Las antiguas islas Gilbert fueron escenario de importantes enfrentamientos entre Japón y Estados Unidos durante la II Guerra Mundial, pero aparte de este hecho, Kiribati ha pasado desapercibido para el mundo occidental.

Sin embargo, hace unos años los científicos comenzaron a sugerir que el archipiélago quedará sumergido sobre el mar cerca del año 2070, debido al aumento de nivel de las aguas causado por el calentamiento global.

Dos atolones del archipiélago han desaparecido bajo el agua en los últimos años, y ante el cariz de los acontecimientos, las autoridades lanzaron una llamada en verano de 2008 solicitando a Australia y Nueva Zelanda que aceptaran a la población del archipiélago en sus respectivos territorios, advirtiendo de que quizá era demasiado tarde para salvar a Kiribati.

Kiribati es quizá el mejor lugar del mundo para desaparecer. Sólo su localización tan remota impide el crecimiento del turismo. La imagen de una playa desierta rodeada de palmeras frente al infinito del Océano Pacífico es la postal que mejor describe al archipiélago. El aeropuerto de Tarawa es la única vía de acceso a Kiribati, desde el vecino archipiélago de Fiyi.

Al margen del turismo, la pesca y las plantaciones de cocos son los principales recursos de un país que debe importar prácticamente todos los bienes de consumo. Kiribati sufre una situación de pobreza y una esperanza de vida de 60 años, aunque la situación está mejorando en los últimos años gracias al desarrollo de la educación.
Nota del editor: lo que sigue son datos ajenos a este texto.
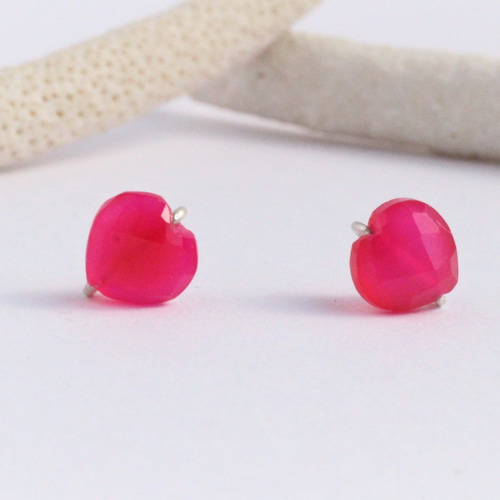 フューシャピンクカルセドニー Heart Yピアス Silver／14KGF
Kiribati acoge en su territorio el lugar de la tierra que da antes la bienvenida al año nuevo. Se trata de la Isla Caroline (en la imagen), un paraíso tropical deshabitado situado justo en la línea internacional de cambio de fecha. La hora en este islote es la misma que en Hawaii, pero con un día de adelanto.

Es cierto que Kiribati no está al alcance de cualquier viajero, pero los interesados en visitar este rincón literalmente perdido en medio del Pacífico deberían darse prisa antes de que desaparezca de la faz de la Tierra si se cumplen los peores pronósticos.